Alas, it would have been interesting to see how often Lending Club issues a loan that differs from the requested amount. Doing a quick santiy check below we see there are no instances in the data where the reuqested amount doesn’t match the funded.
print (df.loan_amnt != df.funded_amnt).value_counts() # Instead of old subset syntax let's use the new `query` method.

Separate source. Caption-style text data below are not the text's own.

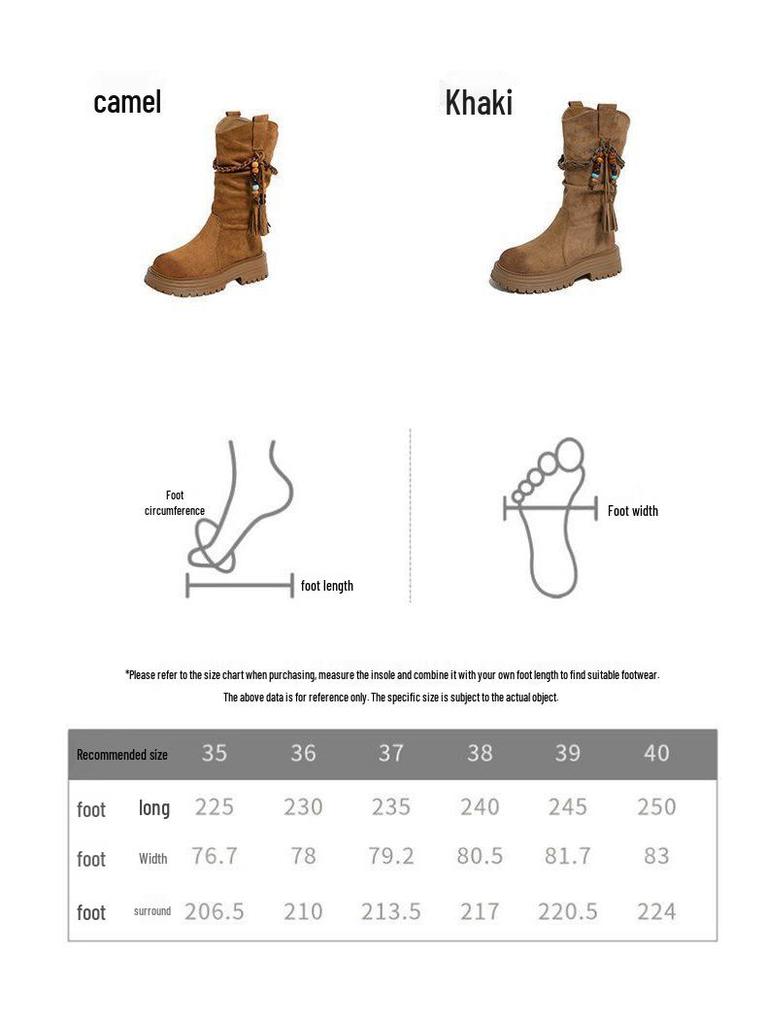 Women's Thick Sole Retro Western Ankle Boots - 2025 Autumn/Winter Fashion Tassel Cowboy Martin Boots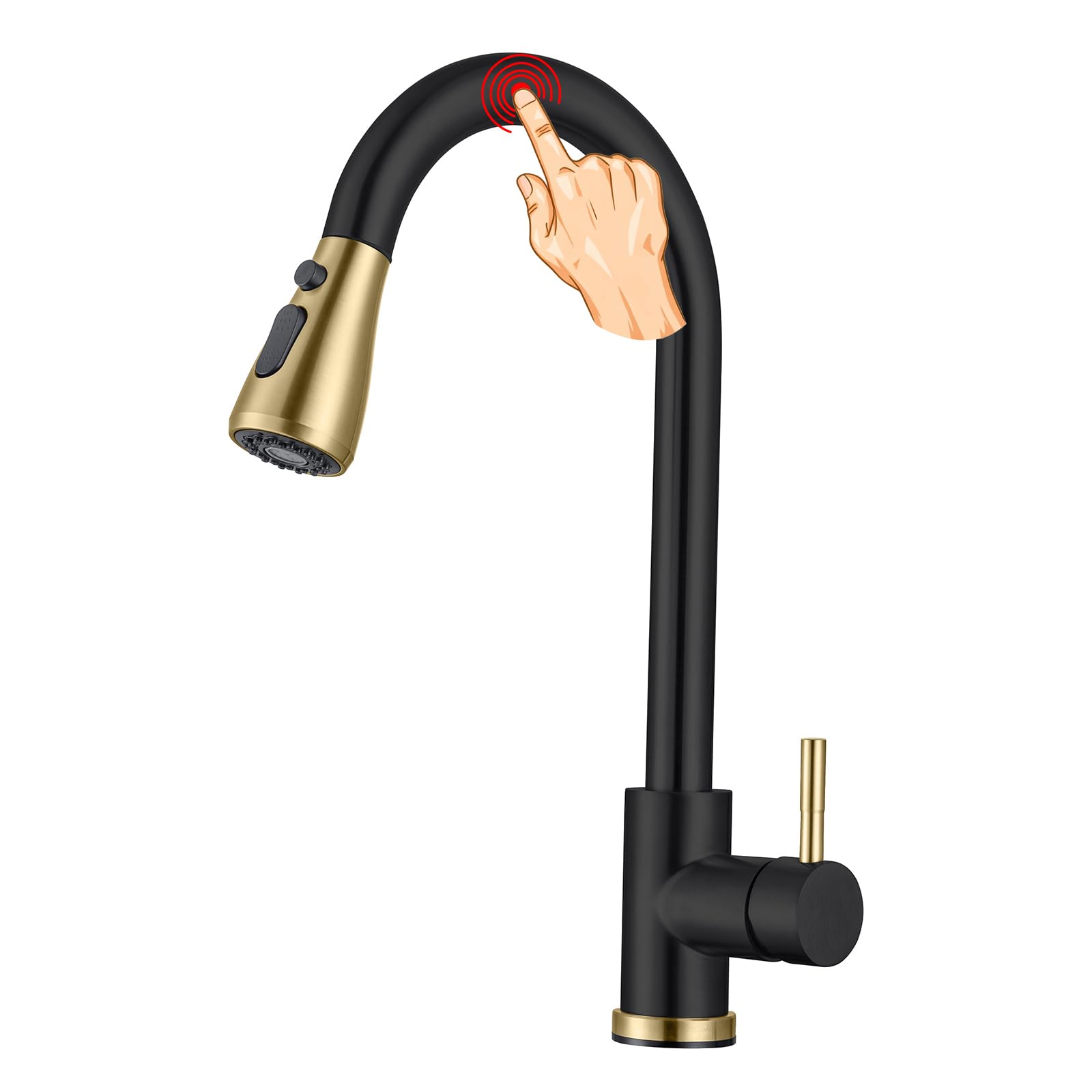 XJTNLB Grifo Cocina Fregadero Oro Cepillado con Sensor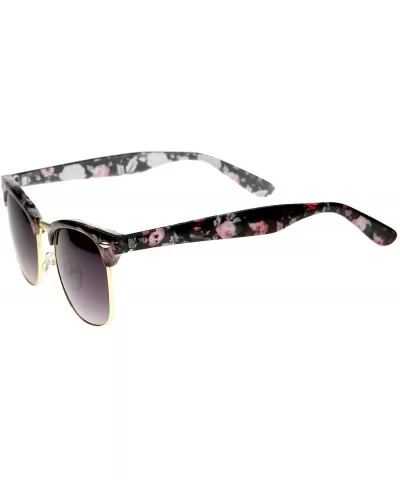 Women's Floral Printed Square Half Frame Horn Rimmed Sunglasses 50mm - Pink-gray / Lavender - CU12J18EYAT $8.60 Wayfarer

# df.query('loan_amnt != funded_amnt').ix[:,:5].head(3) # Old way
False 235629
dtype: int64
Let’s keep moving through the columns
df.ix[:5,8:15]
Employment Title
emp_title might be a free text field on the application form or a list of currated employment titles. Let’s examine how many unique values exist:
print df.emp_title.value_counts().head()
print df.emp_title.value_counts().tail()
df.emp_title.unique().shape
Teacher 4569
Manager 3772
Registered Nurse 1960
RN 1816
Supervisor 1663
Name: emp_title, dtype: int64
Teacher/Media Specialist 1
teacher/ After School Director 1
bpd/gms coordinator 1
heavy equip operator 1
Corp. Operations Mangager 1
Name: emp_title, dtype: int64
75,353 unique entries among 235,630 observations seems like a bit of a stretch. Taking a look at the head vs tail of the doc shows some suspiciously specific titles such as bpd/gms coordinator. I feel comfortable assessing that this data won’t be meaningful and any relationship we might observe might be due to confounding relationships. A more advanced implementation might look to group all these job descriptions into categories and/or examine if Lending Club’s model looks at (income + job) versus just income, but that’s out of the scope of this post.
Here we define a confounding variable as a variable that obscures the effects of another variable. If one 1st grade teacher used a phonics textbook in her class and a different teacher used a whole language textbook in his class, and students in the two classes were given achievement tests to see how well they read, the independent variables (teacher effectiveness and textbooks) would be confounded. There is no way to determine if differences in reading between the two classes were caused by either or both of the independent variables.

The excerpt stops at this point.